HOWARD: I wasn’t sure what was going to happen, and the script did change a lot, but there was never an incarnation where that actually occurred. I have to say when I did start doing research and I found a picture of her on the Internet, I thought, ‘Are they sure they want to cast me as this character?’ because she had such a specific look and it wasn’t anything I ever saw myself doing or being able to do. There was a lot of hair meetings and make-up meetings.

iF: Do blondes really have more fun?

HOWARD: It was a lot of fun. It really was. Obviously, I feel more comfortable as a redhead because that’s what I am naturally. I got a lot of attention is grocery stores as a blonde, though. People would come up and offer help all the time. [Laughs.]

iF: So that was your real hair and not a wig?

HOWARD: They dyed it. I was blonde for about six months.

iF: How long did you have to dangle to be saved by Spider-Man?

HOWARD: Weeks. [Laughs.] Yeah, weeks. That was so much fun to shoot because they built this three or four-story structure on a soundstage, and they would collapse it over and over again. All of these desks and copy machines would slide down and smash and they’d scoop it up and set it up again. They put a harness on me so I was safe the entire time, but they’d really let me fall. There was no acting involved in that scene at all. [Laughs.]

iF: Did they give you a completed script before you signed on?

HOWARD: I joined the project really late, just a few days before shooting started in January. The script was already set, but there were of course during the process a lot of rewrites and changes. I was involved in the process as late as possible.

iF: What were your biggest surprises working on a movie of this size?

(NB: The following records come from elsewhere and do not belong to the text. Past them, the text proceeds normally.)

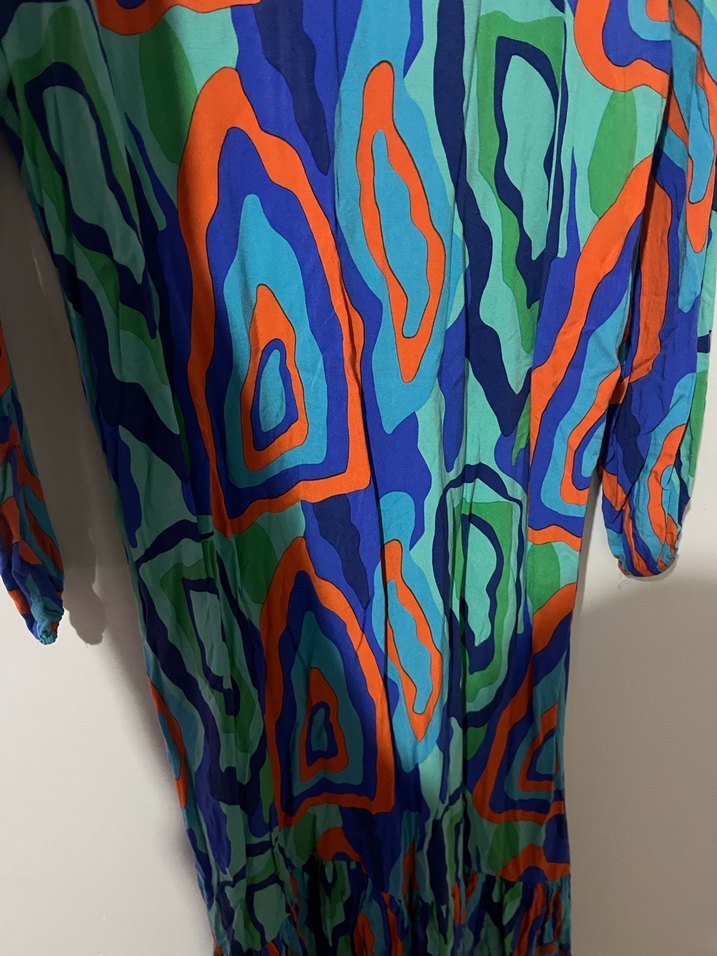 Renkli Bağlama Desenli Uzun Kollu Elbise - Görsel 3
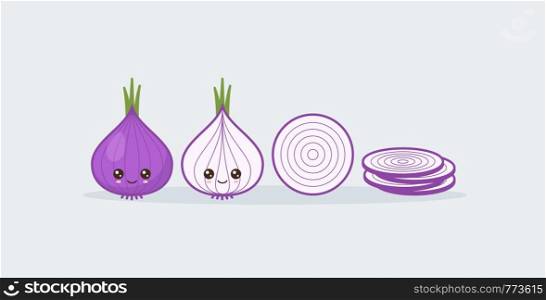 Set onion. Cute kawaii smiling food. Vector illustration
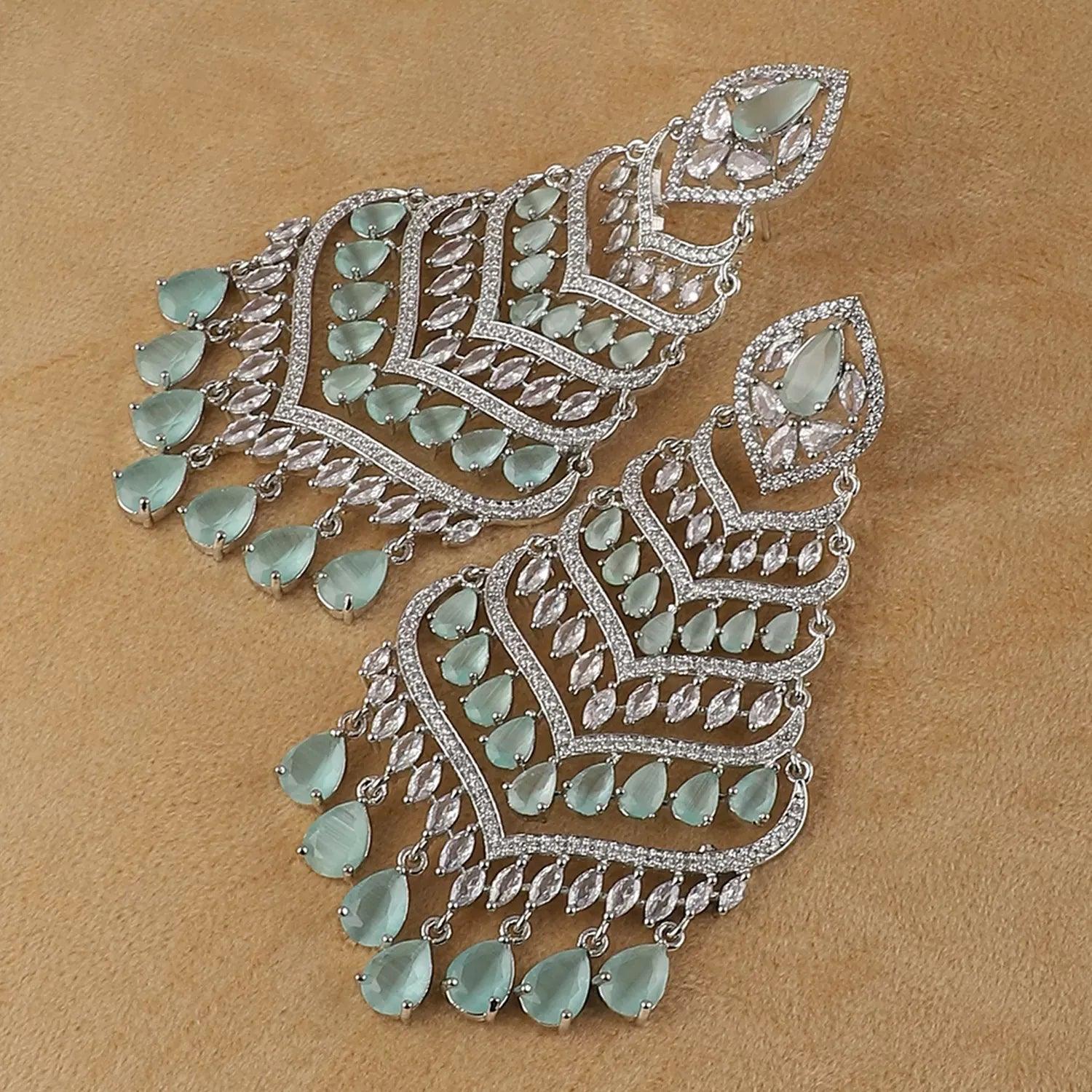 Silver with Mint Debora AD Chandbali - Image 3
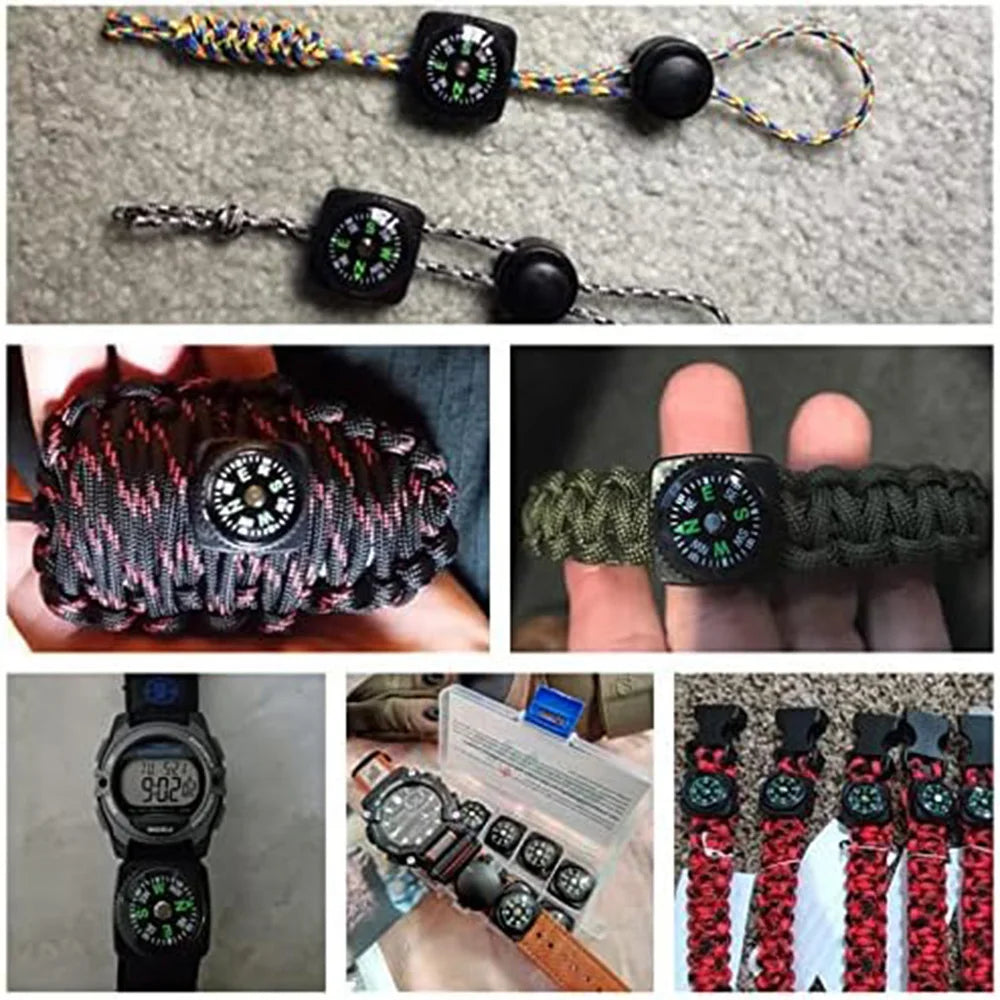 Mini Wristband Compass Set - 10 Pack Portable Detachable Navigation Tool for Outdoor Camping Hiking Travel Emergency Survival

HOWARD: What was really surprising to me was the amount of time that was devoted to complexity of the characters and the rehearsals. How much effort did the producers and Sam [Raimi] put in to make sure that this was a film with a lot of gravity to it, and that the performances were what they wanted and the characters were what they wanted. I thought all of the focus would be on CGI and action and I was really delighted that it wasn’t. The set felt so intimate, it felt like we were really making some kind of independent film and everyone knew each other and they had done two films previously obviously so it was almost like a family. It was a very warm set and a very easygoing set. When I saw the film a couple of days ago I thought, ‘Oh my God this is what we were doing?’ It felt so small.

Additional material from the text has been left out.